The Office Party
The Office Party
Friday night, 7:30 PM. Only three lights remained on in the Heng Rui Tech eighteen-floor office. Lin Wei sat at her desk staring at her computer screen, her right hand unconsciously turning a pen, the cap already bitten with deep tooth marks.
She knew what the 9 AM project presentation meeting tomorrow morning meant—either get the client signature, or half her department gets laid off. And the proposal in her hand, revised from 2 PM to 7:30 PM, the seventh version, was still being described as “not quite right” by Boss Wang.
“Not leaving yet?”
Lin Wei looked up and saw Chen Hao from the adjacent desk, twenty-six years old, less than half a year at the company, his hair always combed immaculately even during overtime, looking like he just came from an interview. He was holding a thermos.
“The proposal isn’t ready,” she said.
Chen Hao sat down across from her. Opened his thermos. The smell of ginger tea wafted out.

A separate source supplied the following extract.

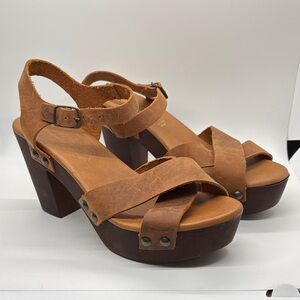 Avellini Italian Brown Leather Sandals Wood Heels 41/11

“My grandmother used to say that proposals are like soup,” he said. “The longer you cook it, the more the ingredients lose their original shape. But that’s when it becomes something new.”
Lin Wei stared at him.
“What does that have to do with proposals?”
“Nothing.” He smiled. “But my grandmother also said that the best proposals are the ones where you can taste the cook’s frustration. It means someone cared enough to struggle with it.”
He stood up, picked up his bag.
“Go home. Sleep. Come back tomorrow and give them something they can’t refuse.”
When he reached the door, he turned back.
“Oh, and Lin Wei? The proposal you sent me earlier—the version before this seventh one? I made some notes. Check your email.”
She opened it. Twenty-three pages of detailed suggestions, each one pinpointing exactly what the client would hate and how to fix it.
She laughed. It was the first time she’d laughed all week.
At 9 AM the next morning, she presented for exactly eleven minutes. When she finished, the client signed.